- **Data shown**:
* * * * *

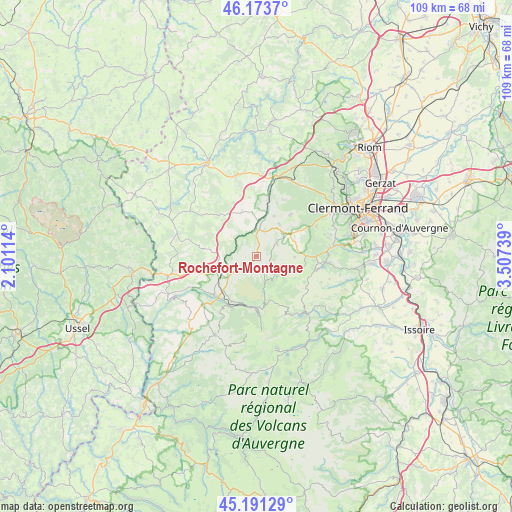 Rochefort-Montagne on map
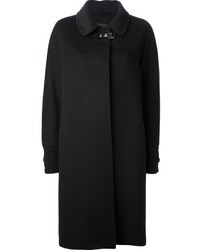 Женское черное пальто от Cinzia Rocca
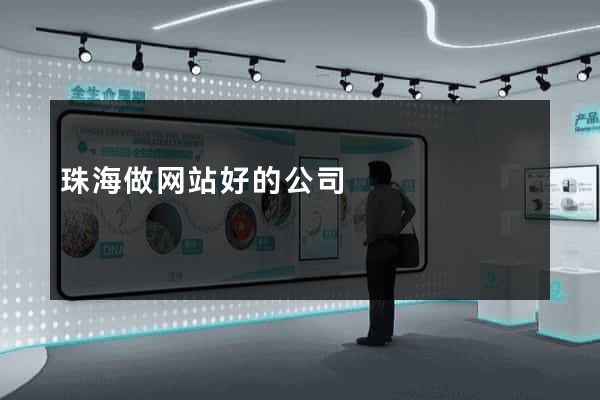 珠海做网站好的公司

* * * * *

- **Try it**: Give the listing again word for word, without its images.

- **Written solution**:
 Rochefort-Montagne on map
 Женское черное пальто от Cinzia Rocca
 珠海做网站好的公司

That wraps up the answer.